On a side note. All these pics popping up in my fb memories from the dam are killing me.


----------



## Gthumb13 (Dec 15, 2015)

FishKilla419 said:


> Didn't get any replies. Wasn't going to drag the boat from flint town for nothing.
> On a side note. All these pics popping up in my fb memories from the dam are killing me.


Any reports from down there yet? If they keep staying quiet i may just have to drag the sled out and check her out...although its hard to get me in any other water then the mighty mo! Good luck and tight lines!


----------



## sNeAkYpEtE11 (Feb 7, 2011)

Gthumb13 said:


> Any reports from down there yet? If they keep staying quiet i may just have to drag the sled out and check her out...although its hard to get me in any other water then the mighty mo! Good luck and tight lines!

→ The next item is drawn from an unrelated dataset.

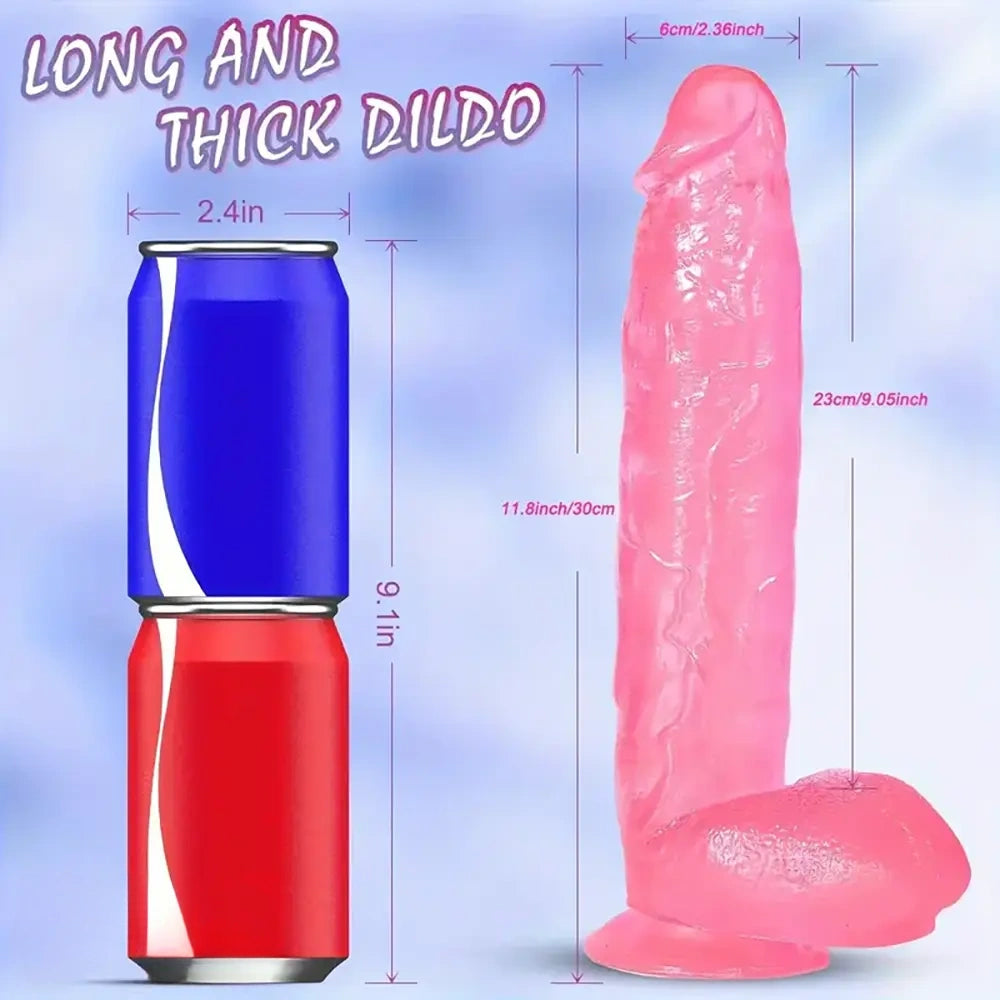 11.8in Thick Real Big Dildo For Hand-Free Play Adult Toy For Anal Pleasure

Saw one boat yesterday morning. Not much ice flowing over the dam when I was driving by


----------



## ericzerka24 (Aug 12, 2010)

Seen a few people fishing off the wall yesterday when we drove by. Another guy fishing in waders on the fish ladder side. Ice didn't look bad


----------



## docmorgan (Jul 31, 2009)

fished it sunday . water was really low.


----------



## jpocock (Jun 7, 2011)

Is there any new up dates. I was thinking about making a 2 hour drive tomorrow to fish. I was just wondering if I should give it a few weeks. PM well come thanks!!!!!


----------



## Fishndude (Feb 22, 2003)

jpocock said:


> Is there any new up dates. I was thinking about making a 2 hour drive tomorrow to fish. I was just wondering if I should give it a few weeks. PM well come thanks!!!!!

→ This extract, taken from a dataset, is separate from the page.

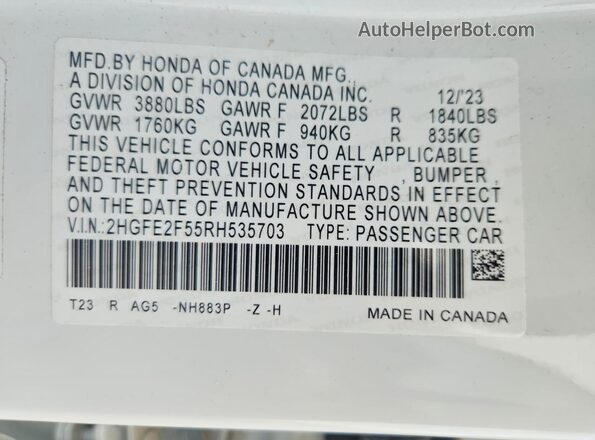 2HGFE2F55RH535703 2024 HONDA CIVIC White Engine compartment view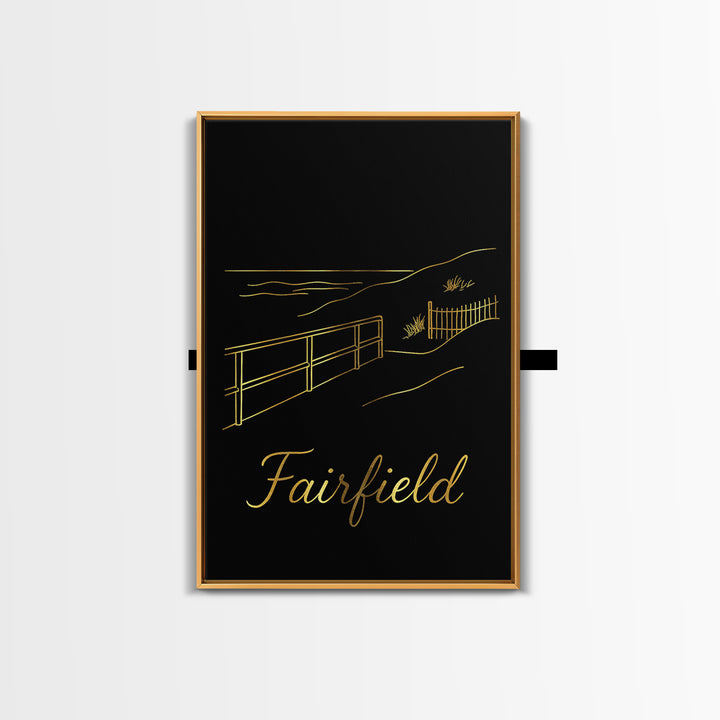 Fairfield Travel Poster, Canvas Print, Gold Outline Poster Art, Fairfield Poster Print, Eclectic Wall Decor, Travel Wall Decor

It is March. It is supposed to start warming up a LOT this weekend. It's the weekend. There should be fish, and people, both in abundance.


----------



## SteelieArm14 (Jan 6, 2012)

I went down there today and it looked like really tough wading out there. I wouldn't wait a FEW weeks but maybe 1 week. I wouldn't wade it right now and I have fished it quite a bit. Only saw 1 boat and no one wading.


----------